The United States today celebrates the life and legacy of Martin Luther King, Jr., America's pre-eminent civil rights leader, who was gunned down by an assassin on April 4, 1968 in Memphis, Tennessee. He was 39 years old.

Various commemorations are taking place all over the nation, and politicians from both parties are making laudatory remarks.

Martin Luther King Jr. gave his life in the struggle against prejudice and for equality; against hatred and for brotherhood; against division and for non-violence, said House Minority Leader Nancy Pelosi, D-CA. He offered us a message of peace, and inspired us to respect our neighbors not as members of a given race, but as fellow human beings. His mission was to 'end the long night of racial injustice;' his dream a vision of common purpose and common humanity.

It is my hope that as Americans we continue to strive towards Dr. King's vision of equality of opportunity and freedom not only here at home, but around the world, said Rep. Mike Pence, R-IN.  As he once said, 'Now is the time to make real the promises of democracy.'

A Baptist minister, King became a giant in the Civil Rights Movement, combating racial segregation and discrimination through methods of civil disobedience used by Indian rights crusader Mohandas Gandhi, who had in turn developed his nonviolent strategy by studying the American transcendentalist Henry David Thoreau.

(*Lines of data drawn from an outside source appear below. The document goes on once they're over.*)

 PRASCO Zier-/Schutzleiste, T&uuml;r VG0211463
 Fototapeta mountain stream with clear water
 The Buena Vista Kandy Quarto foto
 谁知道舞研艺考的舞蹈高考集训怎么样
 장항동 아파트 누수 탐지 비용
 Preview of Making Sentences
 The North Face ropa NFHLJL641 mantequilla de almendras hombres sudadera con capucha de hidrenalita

King, in 1964, became the youngest person to receive the Nobel Peace prize for his work against institutionalized racism.

King was a hero in his time and has remained so since. But he was not free from controversy during his life or afterwards.

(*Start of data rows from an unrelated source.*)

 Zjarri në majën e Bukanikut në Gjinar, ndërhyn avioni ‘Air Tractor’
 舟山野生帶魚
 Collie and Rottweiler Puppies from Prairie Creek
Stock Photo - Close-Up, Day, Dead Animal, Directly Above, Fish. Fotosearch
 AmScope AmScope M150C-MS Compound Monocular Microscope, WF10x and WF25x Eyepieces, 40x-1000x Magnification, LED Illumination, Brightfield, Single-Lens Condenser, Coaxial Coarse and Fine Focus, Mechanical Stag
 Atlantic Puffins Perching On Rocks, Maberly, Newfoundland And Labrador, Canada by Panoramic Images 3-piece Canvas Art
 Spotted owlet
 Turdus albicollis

Rep. John Conyers, D-MI, who has served in Congress since 1965, began proposing a national holiday for King as early as 1970. In 1983, the House of Representatives voted overwhelmingly -- 338-90 - for such a holiday.

But the measure ran up against opposition in the U.S. Senate, mainly in the person of Jesse Helms, the conservative Republican Senator from South Carolina.

Helms thought King undeserving of such an honor because he had ties to the Communist Party and because of those associations, according to Helms, King opposed the war in Vietnam.

King associated with identified members of the Communist Party of the United States (CPUSA), with persons who were former members of or close to the CPUSA, and with CPUSA front organizations. In some important respects King's civil rights activities and later his opposition to the Vietnam war were strongly influenced by and dependent on these associations, Helms said on the Senate floor in October 1983.

Helms admitted there was no evidence that King was a communist, but he did have declassified FBI files showing that President John F. Kennedy and the Kennedy Department of Justice had repeatedly warned King about associating with communists.

Helms charged that King violated a commitment to sever his relationships with identified Communists.

Helms also charged that King was opposed to the Vietnam War not because of what King believed to be the best interests of the United States but on his sympathy for the North Vietnamese Communist regime and on an essentially Marxist and anti-American ideological view of U.S. foreign policy.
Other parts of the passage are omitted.